By Robb M. Stewart
OTTAWA--Canadian manufacturing activity retreated in October, with sales falling amid weakness in chemical and wood products and transportation equipment.
Factory shipments dropped 1.0% from the month before to a seasonally adjusted 71.51 billion Canadian dollars, the equivalent of about $51.91 billion, Statistics Canada said Monday.
The pullback was slightly softer than the data agency's advance estimate for monthly decline of 1.1%, following the 3.3% rise in sales in September to the highest level in seven months.
Compared with a year earlier, manufacturing sales in October were up 0.7%.
Sales in volume terms fell 1.5% for the month, matching the pace of weakness in product prices, and were 3.2% lower than a year earlier.
Manufacturers have shown signs of recovering from the hit earlier in the year from the Trump administration's tariffs, which sapped demand in the U.S. and dampened business investment in Canada. S&P Global's Canadian manufacturing purchasing managers index firmed in October, only to weaken again the next month as it showed an industry in contraction for a 10th successive month with steeper declines in output and new orders.
The decline in factory sales for October fits with expectations the economy began the final quarter of the year on rocky footing, following a sharp rebound in the third quarter.

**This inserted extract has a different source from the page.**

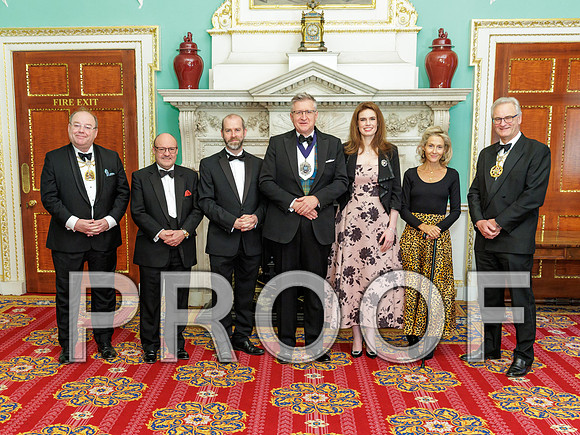 Business & Trade Dinner 07-05-25 259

Statistics Canada previously estimated industry-level gross domestic product fell 0.3% in October from the month before, which would mark the sharpest contraction since December 2022.
Data released last week showed that wholesale trade edged up 0.1% in October, while an advance tally of receipts indicates retail sales were essentially unchanged for the month.

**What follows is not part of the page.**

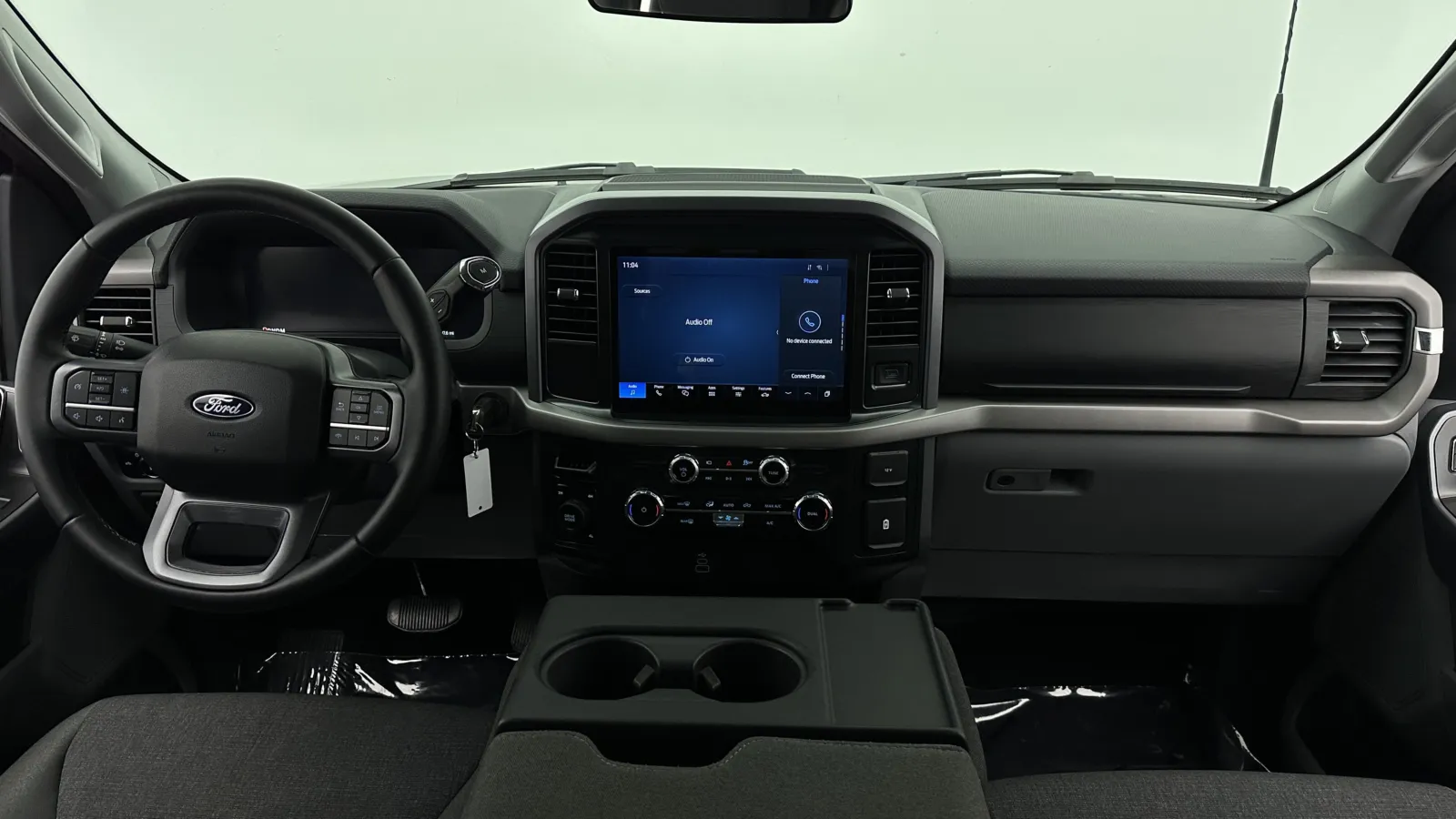 Ford F-150 photo 28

Statistics Canada's manufacturing survey sales in October were down in 11 of the 21 categories it tracks, led by a fall in chemical product shipments following increases the two previous months.
Wood product sales fell sharply for the month and against a year earlier, affected by recent U.S. duties on Canadian lumber that has prompted production shutdowns and the closure of several sawmills.
After a strong rise in transport equipment shipments the month before, sales fell in October with production of aerospace product and parts down steeply and motor vehicle sales easing after auto production was disrupted by a semiconductor chip shortage.
Canadian transportation equipment manufacturers sell some two-thirds of their products to the U.S., which accounted for roughly one-quarter of total exports of manufactured products to U.S. last year.
Excluding motor vehicles, parts and accessories, manufacturing sales declined 1.1% from the month before.
Inventory levels held by factories were 0.7% lower in October, the first drop in six months, the agency said. Unfilled orders, the stock of orders that will contribute to future sales if they aren't cancelled, edged up 0.1% for the latest month to the second-highest level on record. New orders were down 0.4%.
The Bank of Canada, which last week left its policy interest rate unchanged following back-to-back cuts, continues to project weak economic growth in the final quarter of the year and a soft 1.1% annualized expansion in 2026.